Tag 5- Briancon nach Digne-les-Bains 147km (1868m elevation)

Tag 6 - Digne-les-Bains nach Cannes 135km (1682m elevation)

Tag 7 - Sanfte Fahrt nach Nizza 46km

Rollend durch Fran ce

Die "große Abfahrt" begann im dichten Nebel... aber die Stimmung war gut, und schon bald hatten wir uns auf "flache" 91 Meilen mit viel typisch französischer Landschaft eingestellt, unterbrochen von ein paar Café-Stops. Schließlich kam die Sonne durch und machte den ersten Tag zu einem angenehmen Tag, der uns in ein falsches Gefühl von dem einlullte, was noch kommen sollte!
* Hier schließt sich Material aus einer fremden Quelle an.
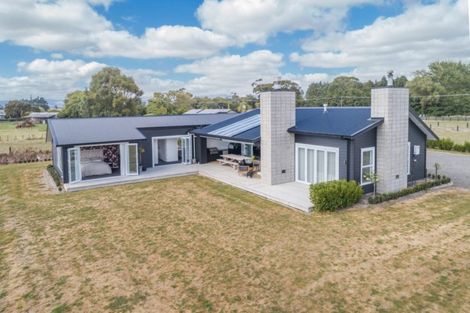 Photo of property in 1079 Lockwood Road, Kairanga, Palmerston North, 4475
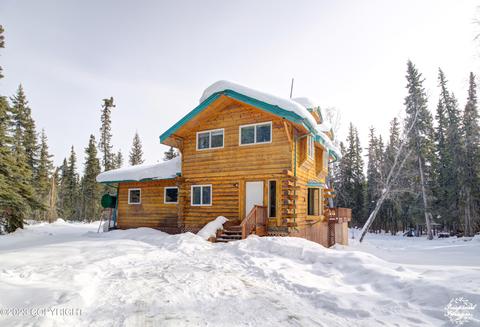 2596 Waldheim Dr, Fairbanks, AK 99709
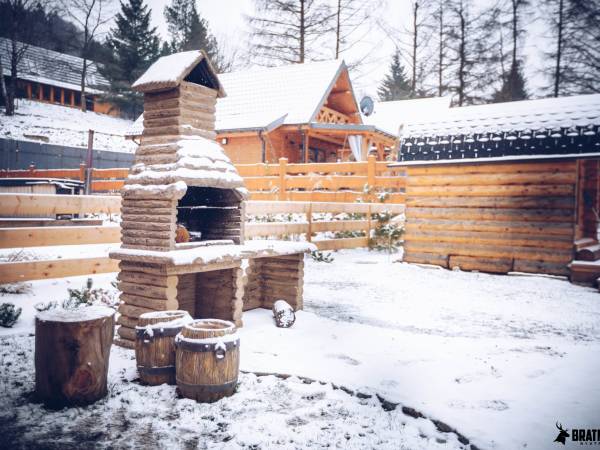 BRATNIA BYSTRE - Domy z bala z jacuzzi i sauna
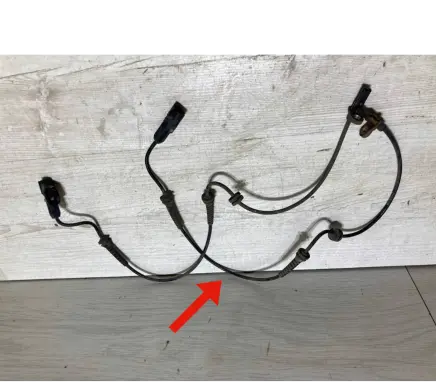 Renault Clio V ABS brake wheel speed sensor 479109572r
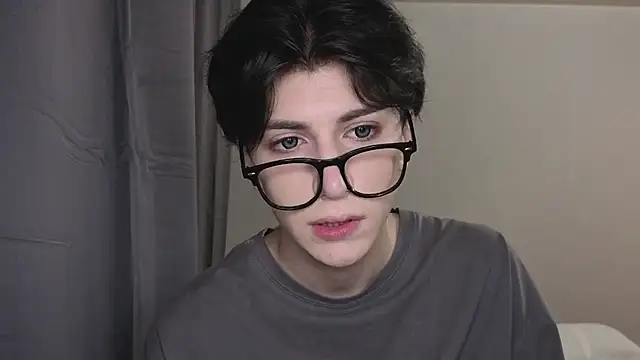 Oliver star boy  online show from October 2025 05:12:02 PM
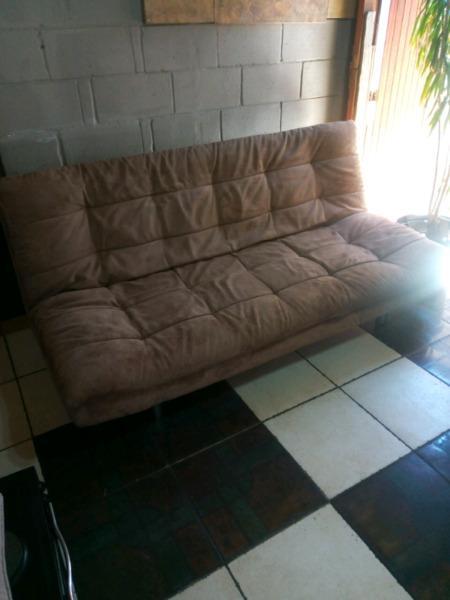 Brown sleeper couch R2000 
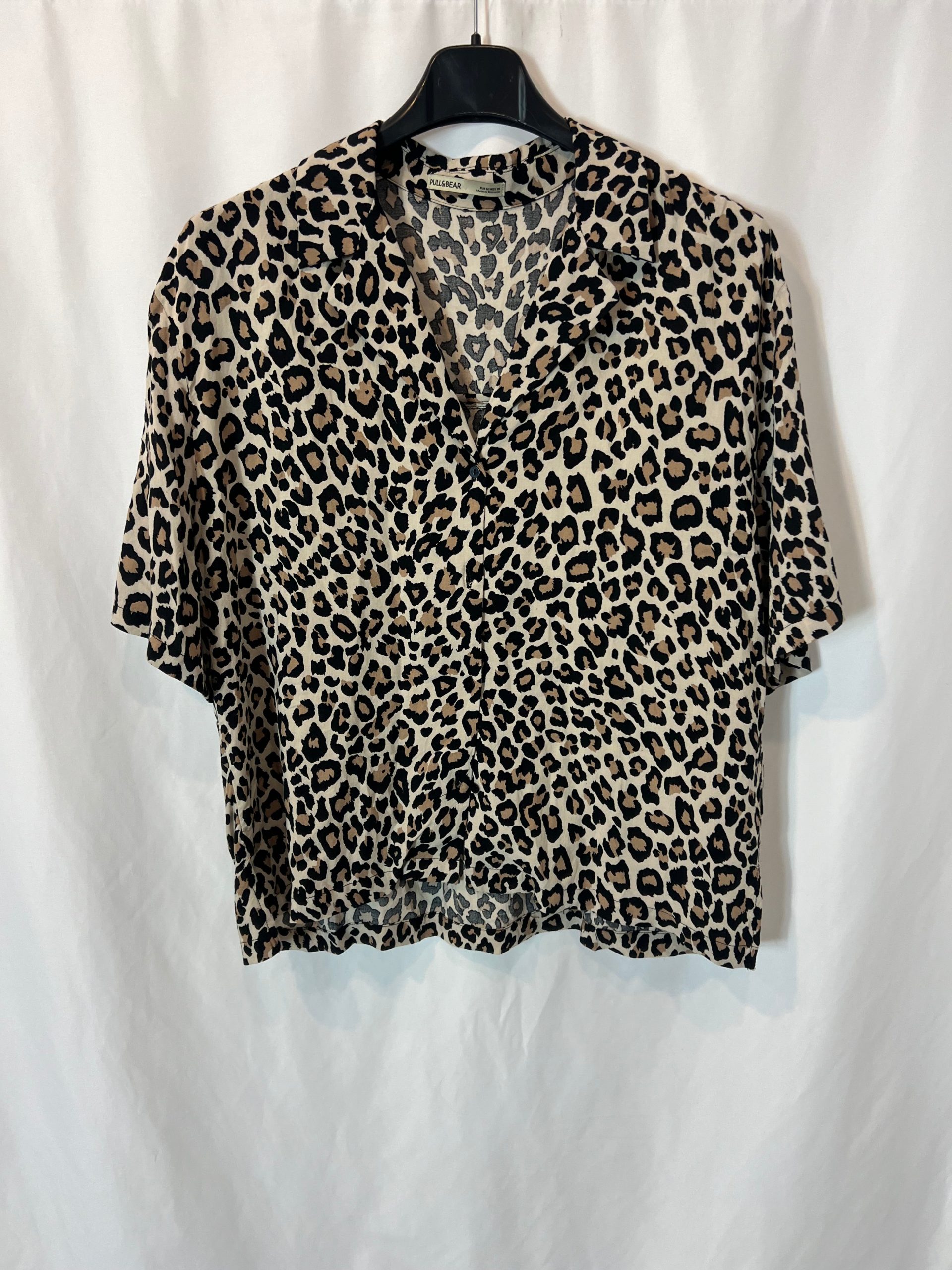 PULL&BEAR. Blusa animal print fluida. T M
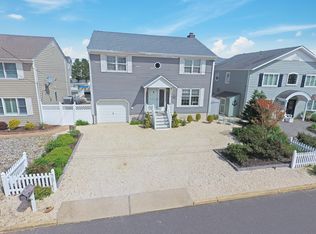 312 Cove Dr, Mantoloking, NJ
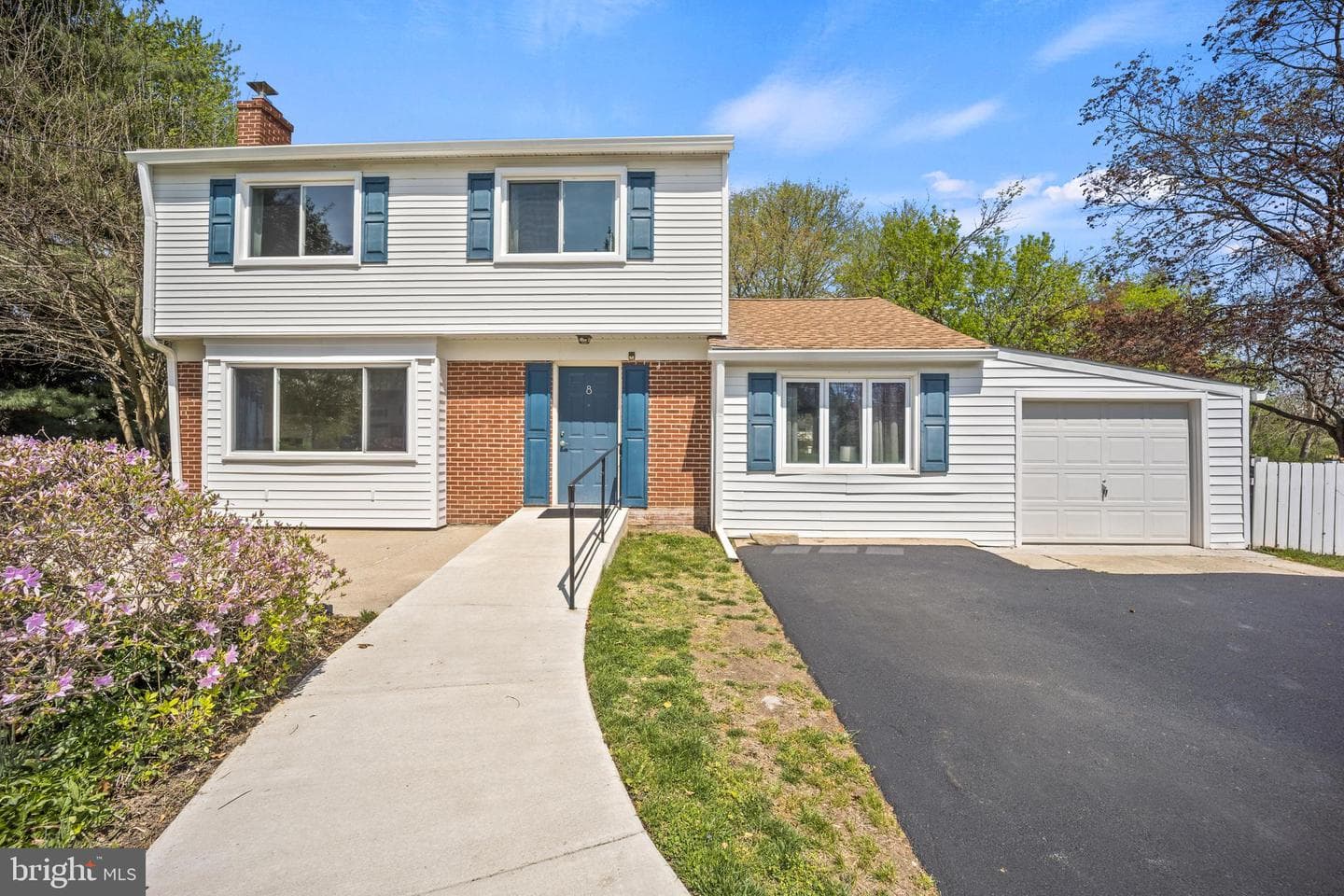 8 Locust Drive photo 2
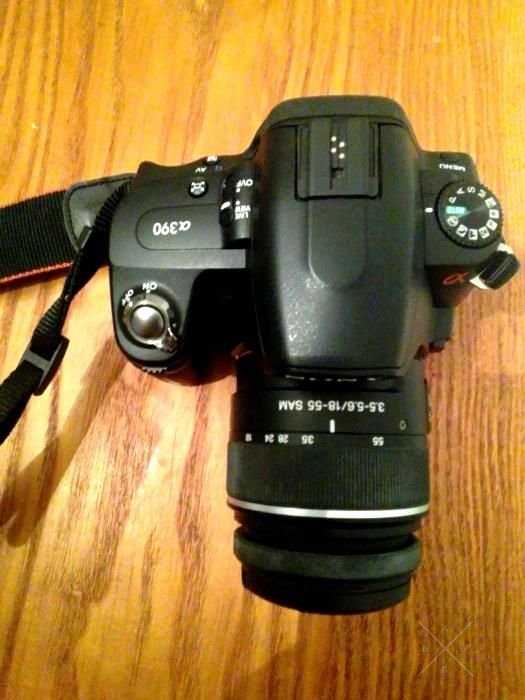 Продам фотоаппарат SONY A390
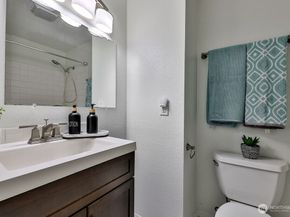 1555 Union Avenue NE 22, Renton WA 98059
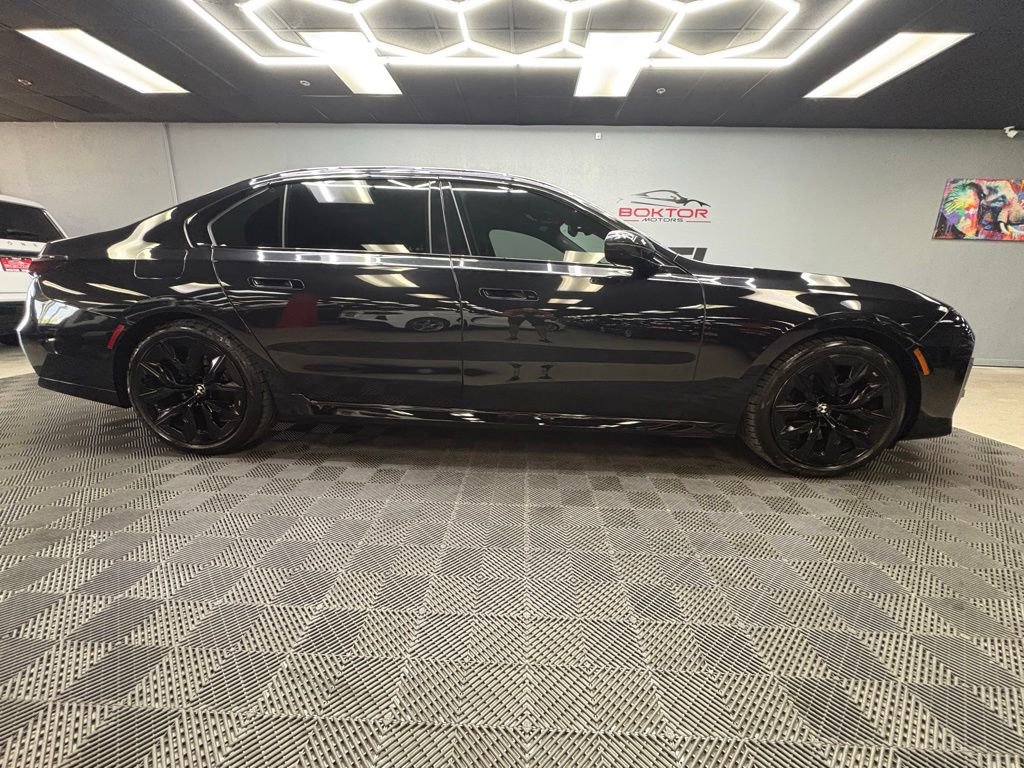 Used 2025 BMW 740i w/ Premium Package RWD image 15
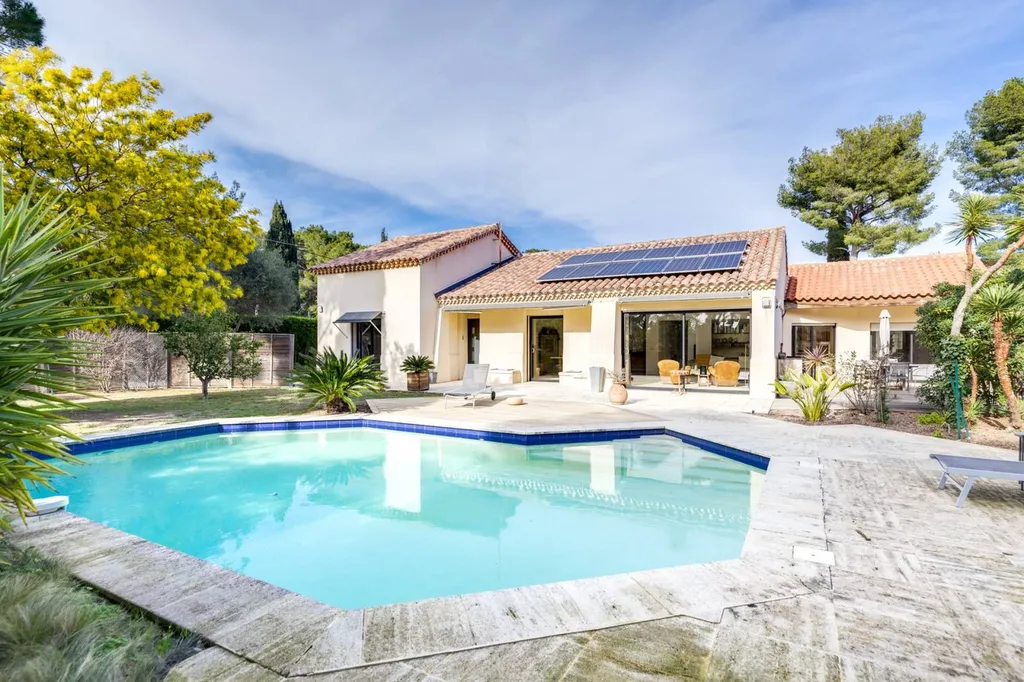 Vente villa de plain-pied Cassis  avec piscine et parkings dans lotissement sécurisé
Die nächsten zwei Tage waren schrecklich! Mit durchschnittlich 115 Meilen pro Tag radelten wir direkt in einen brutalen Gegenwind hinein; die gewählte Route war nicht ideal, da wir auf den stark befahrenen Straßen gegen einen Lastwagen nach dem anderen ankämpfen mussten. Wir mussten den Kopf einziehen und die Arbeit erledigen. Das war nicht das FranEreignis, das ich mir erträumt hatte; in der Mitte des dritten Tages hatten wir einen aus unserem Team durch eine Achillessehnenverletzung verloren!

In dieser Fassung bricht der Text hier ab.